So lets get this out of the way right at the top. This is not a great movie. I don;t normally do this, but I am actually going to post a bit of Roger Ebert’s Review:
“Pearl Harbor is a two-hour movie squeezed into three hours, about how on Dec. 7, 1941, the Japanese staged a surprise attack on an American love triangle. Its centerpiece is 40 minutes of redundant special effects, surrounded by a love story of stunning banality. The film has been directed without grace, vision, or originality, and although you may walk out quoting lines of dialogue, it will not be because you admire them”, and criticized its liberties with historical facts: “There is no sense of history, strategy or context; according to this movie, Japan attacked Pearl Harbor because America cut off its oil supply, and they were down to an 18-month reserve.
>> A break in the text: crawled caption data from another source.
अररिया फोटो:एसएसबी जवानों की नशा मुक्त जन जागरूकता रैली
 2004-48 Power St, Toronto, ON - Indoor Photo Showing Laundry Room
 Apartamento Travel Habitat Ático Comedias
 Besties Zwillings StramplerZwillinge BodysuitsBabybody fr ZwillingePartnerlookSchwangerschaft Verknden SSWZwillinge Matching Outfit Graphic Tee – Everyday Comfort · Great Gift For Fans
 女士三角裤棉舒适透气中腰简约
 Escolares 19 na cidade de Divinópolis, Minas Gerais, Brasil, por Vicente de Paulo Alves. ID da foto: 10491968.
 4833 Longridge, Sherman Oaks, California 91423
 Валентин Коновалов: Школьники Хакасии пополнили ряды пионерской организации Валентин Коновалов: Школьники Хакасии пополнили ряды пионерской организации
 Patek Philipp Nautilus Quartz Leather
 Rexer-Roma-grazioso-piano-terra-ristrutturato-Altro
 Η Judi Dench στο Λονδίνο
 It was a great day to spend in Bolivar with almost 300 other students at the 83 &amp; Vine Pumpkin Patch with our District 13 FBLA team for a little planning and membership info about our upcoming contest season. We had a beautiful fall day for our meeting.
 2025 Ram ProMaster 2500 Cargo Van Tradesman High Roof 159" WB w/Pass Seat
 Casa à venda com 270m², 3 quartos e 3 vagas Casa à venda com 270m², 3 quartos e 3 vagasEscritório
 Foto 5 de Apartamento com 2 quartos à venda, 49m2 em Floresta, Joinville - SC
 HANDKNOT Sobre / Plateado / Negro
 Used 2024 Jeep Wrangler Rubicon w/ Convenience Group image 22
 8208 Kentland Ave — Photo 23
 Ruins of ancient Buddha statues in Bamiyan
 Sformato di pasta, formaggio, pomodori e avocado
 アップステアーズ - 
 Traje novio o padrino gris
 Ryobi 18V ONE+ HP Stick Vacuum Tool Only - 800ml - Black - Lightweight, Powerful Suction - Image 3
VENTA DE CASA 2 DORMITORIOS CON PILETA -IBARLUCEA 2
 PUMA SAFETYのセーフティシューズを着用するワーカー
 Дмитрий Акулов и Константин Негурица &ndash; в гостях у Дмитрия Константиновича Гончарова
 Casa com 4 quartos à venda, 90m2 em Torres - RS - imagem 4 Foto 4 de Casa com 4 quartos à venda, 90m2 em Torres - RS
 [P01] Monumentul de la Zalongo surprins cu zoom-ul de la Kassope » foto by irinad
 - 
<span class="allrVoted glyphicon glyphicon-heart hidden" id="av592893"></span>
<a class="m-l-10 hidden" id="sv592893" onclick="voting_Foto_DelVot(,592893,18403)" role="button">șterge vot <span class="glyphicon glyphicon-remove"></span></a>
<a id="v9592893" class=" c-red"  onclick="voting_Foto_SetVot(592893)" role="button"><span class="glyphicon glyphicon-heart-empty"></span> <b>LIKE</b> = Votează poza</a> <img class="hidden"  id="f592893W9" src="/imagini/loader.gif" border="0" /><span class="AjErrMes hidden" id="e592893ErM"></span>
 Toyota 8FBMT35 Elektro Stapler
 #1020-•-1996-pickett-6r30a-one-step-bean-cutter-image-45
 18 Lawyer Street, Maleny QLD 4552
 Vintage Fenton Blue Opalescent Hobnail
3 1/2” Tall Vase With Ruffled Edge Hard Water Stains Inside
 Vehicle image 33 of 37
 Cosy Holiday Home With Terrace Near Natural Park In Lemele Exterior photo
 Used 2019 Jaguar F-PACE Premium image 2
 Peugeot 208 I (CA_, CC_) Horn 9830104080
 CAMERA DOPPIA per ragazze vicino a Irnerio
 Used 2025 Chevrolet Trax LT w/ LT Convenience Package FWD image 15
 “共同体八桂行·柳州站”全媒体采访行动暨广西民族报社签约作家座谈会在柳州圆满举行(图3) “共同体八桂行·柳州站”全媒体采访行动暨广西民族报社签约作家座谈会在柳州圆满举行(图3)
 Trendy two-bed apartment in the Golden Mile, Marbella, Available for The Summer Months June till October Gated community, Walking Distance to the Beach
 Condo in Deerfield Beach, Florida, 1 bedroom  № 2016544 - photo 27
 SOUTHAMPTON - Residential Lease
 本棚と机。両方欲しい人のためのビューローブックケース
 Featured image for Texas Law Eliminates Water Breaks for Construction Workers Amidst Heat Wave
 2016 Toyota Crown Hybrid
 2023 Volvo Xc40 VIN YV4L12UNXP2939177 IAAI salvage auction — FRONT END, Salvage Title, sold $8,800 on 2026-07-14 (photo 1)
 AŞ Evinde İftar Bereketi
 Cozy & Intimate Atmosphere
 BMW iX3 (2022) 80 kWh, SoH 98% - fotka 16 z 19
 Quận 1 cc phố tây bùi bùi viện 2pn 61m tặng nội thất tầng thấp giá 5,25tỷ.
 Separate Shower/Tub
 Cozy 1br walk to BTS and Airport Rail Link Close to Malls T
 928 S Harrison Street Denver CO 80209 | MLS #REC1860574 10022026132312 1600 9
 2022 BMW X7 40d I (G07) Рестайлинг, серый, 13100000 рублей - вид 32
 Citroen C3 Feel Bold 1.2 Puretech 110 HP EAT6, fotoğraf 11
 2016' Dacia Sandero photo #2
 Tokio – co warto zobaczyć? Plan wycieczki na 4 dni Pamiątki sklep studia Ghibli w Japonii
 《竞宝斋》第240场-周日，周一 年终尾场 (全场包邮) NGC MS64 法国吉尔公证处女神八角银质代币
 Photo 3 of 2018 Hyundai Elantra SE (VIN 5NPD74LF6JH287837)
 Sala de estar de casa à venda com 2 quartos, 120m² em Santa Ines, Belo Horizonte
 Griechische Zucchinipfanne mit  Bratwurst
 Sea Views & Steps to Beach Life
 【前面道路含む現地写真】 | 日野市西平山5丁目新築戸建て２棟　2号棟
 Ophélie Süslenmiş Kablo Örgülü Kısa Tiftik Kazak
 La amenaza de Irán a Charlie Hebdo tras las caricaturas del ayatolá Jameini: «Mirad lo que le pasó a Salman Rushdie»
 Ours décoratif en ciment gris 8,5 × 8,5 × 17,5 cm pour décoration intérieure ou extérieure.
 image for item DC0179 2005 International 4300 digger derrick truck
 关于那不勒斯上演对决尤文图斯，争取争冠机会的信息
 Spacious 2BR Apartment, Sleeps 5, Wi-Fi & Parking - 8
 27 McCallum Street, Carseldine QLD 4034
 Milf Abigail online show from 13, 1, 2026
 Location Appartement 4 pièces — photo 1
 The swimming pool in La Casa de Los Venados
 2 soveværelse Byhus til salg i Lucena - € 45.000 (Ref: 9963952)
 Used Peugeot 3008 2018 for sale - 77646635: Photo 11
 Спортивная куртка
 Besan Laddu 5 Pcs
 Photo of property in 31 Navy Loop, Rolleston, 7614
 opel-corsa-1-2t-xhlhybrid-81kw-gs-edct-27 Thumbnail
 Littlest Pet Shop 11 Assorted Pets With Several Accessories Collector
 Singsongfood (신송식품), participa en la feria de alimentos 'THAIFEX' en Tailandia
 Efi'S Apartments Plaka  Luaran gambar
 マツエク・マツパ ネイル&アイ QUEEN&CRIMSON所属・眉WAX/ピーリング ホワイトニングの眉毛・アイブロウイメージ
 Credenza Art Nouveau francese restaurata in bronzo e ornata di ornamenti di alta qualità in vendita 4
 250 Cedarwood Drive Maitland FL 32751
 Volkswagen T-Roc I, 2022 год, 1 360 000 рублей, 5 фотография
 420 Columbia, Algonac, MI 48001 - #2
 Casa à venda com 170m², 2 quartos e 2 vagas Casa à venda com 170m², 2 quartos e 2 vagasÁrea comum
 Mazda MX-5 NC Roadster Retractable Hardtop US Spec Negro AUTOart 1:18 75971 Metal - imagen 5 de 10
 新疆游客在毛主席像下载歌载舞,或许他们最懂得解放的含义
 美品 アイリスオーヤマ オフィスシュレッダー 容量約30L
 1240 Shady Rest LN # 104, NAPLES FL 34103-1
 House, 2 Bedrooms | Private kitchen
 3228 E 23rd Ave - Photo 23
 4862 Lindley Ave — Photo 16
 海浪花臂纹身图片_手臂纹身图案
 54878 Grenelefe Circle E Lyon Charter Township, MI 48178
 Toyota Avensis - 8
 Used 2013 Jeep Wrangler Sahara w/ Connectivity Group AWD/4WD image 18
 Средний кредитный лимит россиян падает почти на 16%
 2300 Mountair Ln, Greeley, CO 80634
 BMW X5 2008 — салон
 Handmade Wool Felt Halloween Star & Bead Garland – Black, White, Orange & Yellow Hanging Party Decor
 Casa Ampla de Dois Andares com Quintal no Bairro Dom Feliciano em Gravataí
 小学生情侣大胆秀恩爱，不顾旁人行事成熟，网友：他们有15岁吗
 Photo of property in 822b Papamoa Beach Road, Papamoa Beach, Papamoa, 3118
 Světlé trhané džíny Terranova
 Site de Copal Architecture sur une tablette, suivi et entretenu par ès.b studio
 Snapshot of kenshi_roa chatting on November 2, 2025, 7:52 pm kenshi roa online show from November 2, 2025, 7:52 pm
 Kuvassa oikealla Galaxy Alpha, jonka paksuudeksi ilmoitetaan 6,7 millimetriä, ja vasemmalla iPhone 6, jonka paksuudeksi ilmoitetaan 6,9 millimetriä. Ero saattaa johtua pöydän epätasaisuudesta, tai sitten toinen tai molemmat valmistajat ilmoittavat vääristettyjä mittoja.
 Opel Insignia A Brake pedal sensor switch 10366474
Would going to war restore the fuel sources? Did they perhaps also have imperialist designs? Movie doesn’t say”*
*Ebert, Roger. “‘Pearl Harbor’.” Chicago Sun-Times, May 25, 2001. Retrieved: June 25, 2009.
Yeah, that about sums it up, but if that is the case why am I offering up a review of it on the site? Because as bad as the movie is it does have something that not a lot of movies about Pearl Harbor has, the American reaction to the attack, The Doolittle Raid. See the last bit of this movie takes our leading men and throws them against Tokyo in modified B-25 Mitchell bombers to various effect.
See the Doolittle Raid achieved very little except as a reflexive action. They hit us and we hit them back. It was a moral boost to Americans and a message to the Japanese that distance would not protect them.
As of today this movie stands as one of the handful, and by far the most modern, of films that shows this incredible feat. It is hard to recommend such a bad movie but as pure brain candy and maybe an introduction to the Pearl Harbor, Doolittle Raid myths, OK, I can see that. Your mileage may very.